The upscale Sacramento suburb of Roseville will buy 325,000 megawatt-hours of electrical power from a solar facility more than 260 miles south of the city, in a Kern County town more readily known for oil wells than solar fields. Roseville will buy all the power from First Solar's Lost Hills solar facility for four years.

The 32-megawatt photovoltaic solar plant is scheduled for construction sometime next year on agricultural lands in northern Kern County, near the intersection of state routes 46 and 33. Though Kern County's Planning Department seems not to have made the full Draft Environmental Impact Report available online, what portions are available indicate that the plant will be built on land that's potentially habitat for the San Joaquin kit fox and the blunt-nosed leopard lizard, both of which species are listed as Endangered under the federal Endangered Species Act.

Roseville''s municipal utility, the first such public utility with which First Solar has signed a Power Purchase Agreement (PPA), serves about 55,000 customers in the small city at the base of the Sierra Nevada gold country foothills.

"We are pleased to acquire renewable electricity to help us reach the state's requirement for 33 percent [renewable energy] by 2020," said Roseville Electric Utility Director Michelle Bertolino in a press release. "As a community-owned utility, contracts such as this help minimize the cost impact on our customers while maintaining highly reliable service."
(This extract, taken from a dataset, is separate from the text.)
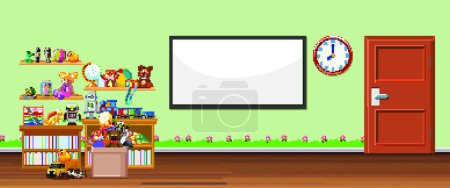 Illustration for Background scene with whiteboard and toys - Royalty Free Image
Delivery of power from Lost Hills to Roseville is expected to start in 2015, and the city's grid will receive 100 percent of the project's output until a previously signed First Solar power purchase agreement with Pacific Gas & Electric (PG&E) kicks in in 2019. After that, PG&E and Roseville will share Lost Hills' output.

Roseville's utility will pay $24 million for the 325 megawatt hours it will receive from Lost Hills over the 10 years of the PPA, which works out to about 7.4 cents per kilowatt-hour.